Blogroll is back – on steroids

I finally got around to adding an excerpt of the list of blogs I’m regularly reading to the navigation bar to the right.

The list is somewhat special as it’s auto-updating: It refereshes every 30 minutes and displays a list of blogs in descending order of last-updated-time.

Adding the blogroll was a multi step process:

At first, I thought adding the Serendipity blogroll plugin and pointing it to my Newsgator subscription list (I’m using Newsgator to always have an up-to-date read-status in both Net News Wire and FeedDemon) was enough, but unfortunately, that did not turn out to be the case.

First, the expat module of the PHP installation on this server has a bug making it unable to parse files with the unicode byte order mark at the beginning (basically three bytes telling your machine if the document was encoded on a little- or big-endian machine). So it was clear that I had to do some restructuring of the OPML-feed (or patching around in the s9y plugin, or upgrading PHP).

Additionally, I wanted the list to be sorted in a way that the blogs with the most recent postings will be listed first.

My quickly hacked-together solution is this script which uses a RSS/Atom-parser I took from WordPress, which means that the script is licensed under the GNU GPL (as the parser is).

I’m calling it from a cron-job once per 30 minutes (that’s why the built-in cache is disabled on this configuration) to generate the OPML-file sorted by the individual feeds update time stamp.

That OPML-file then is fed into the serendipity plugin.

The only problem I now have is that the list is unfairly giving advantage to the aggregated feeds as these are updated much more often than individual persons blogs. In the future I will thus either create a penalty for these feeds, remove them from the list or just plain show more feeds on the page.

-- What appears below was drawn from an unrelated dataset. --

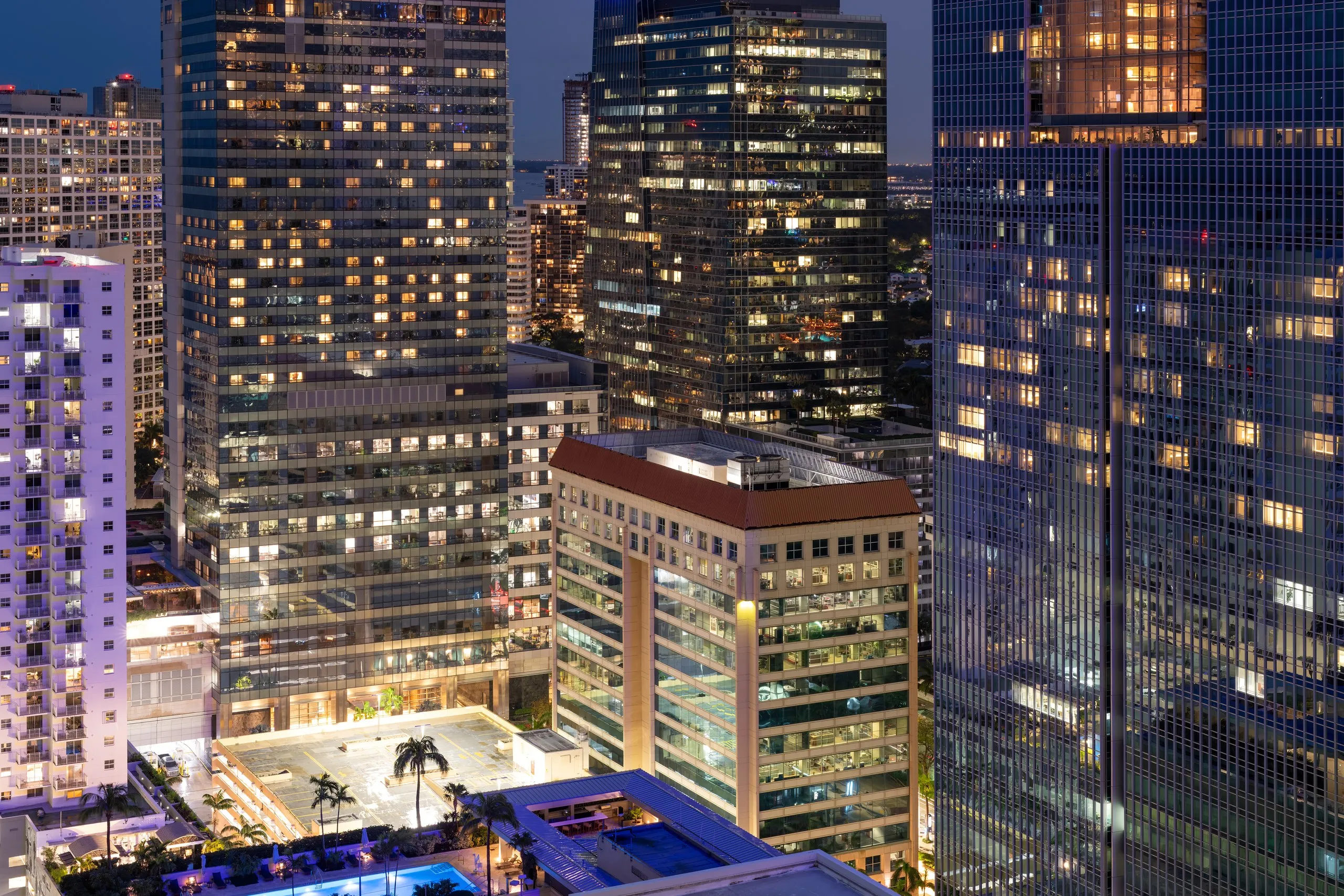 Brickell towers at night, windows lit across the dense cluster of residential and office buildings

Still, this was a fun hack to do and fulfills its purpose. Think of it: Whenever I add a feed in either Net News Wire or FeedeDemon, it will automatically pop up on the blogroll on gnegg.ch – this is really nice.

On a side note: I could have used the Newsgator API to get the needed information faster and probably even without parsing the individual feeds. Still, I went the OMPL-way as that’s an open format making the script useful for other people or for me should I ever change the service.

PHP Stream Filters

You know what I want? I want to append one of those nice and shiny PHP stream filters to the output stream.

I have this nice windows-application that recives a lot of XML-data that can be compressed with a very high compression factor. And as the windows application is for people with very limited bandwith, this seems to be the perfect thing to do.

You know, I CAN compress all my output already. By doing something like this:

<?php
ob_start();
echo "stuff";
$c = ob_get_clean();
echo bzcompress($c);
?>

The problem with this approach is that the data is only sent to the client once it’s assembled completely. bzip2 on the other hand is a stream compressor that is very well able to compress a stream of data and send it out as soon as a chunk is ready.

The windows client on the reciving end is certainly capable of doing that. As soon as bytes come in, it decompresses it chunk-wise and feeds it to a Expat based parser which will handle the extracted data. Now I want this to happen on the sending side aswell.

The following code does work sometimes:

<?php
  $fh = fopen('php://stdout', 'w');
  stream_filter_append($fh, 'bzip2.compress', STREAM_FILTER_WRITE, $param);
  fwrite($fh, "Stuff");
  fclose($fh);
?>

But sometimes it doesn’t and produces a incomplete bzip2-stream.

I have a certain idea of why this is happening (no sending out of data to the filter on shutdown), but I can’t prevent it. Sometimes the data is not put out which makes this method unusable.

I’m afraid to report this to bugs.php.net as I’m sure it’s something PHP was not designed for and it’ll get marked as BOGUS faster than I can spell ‘gnegg’.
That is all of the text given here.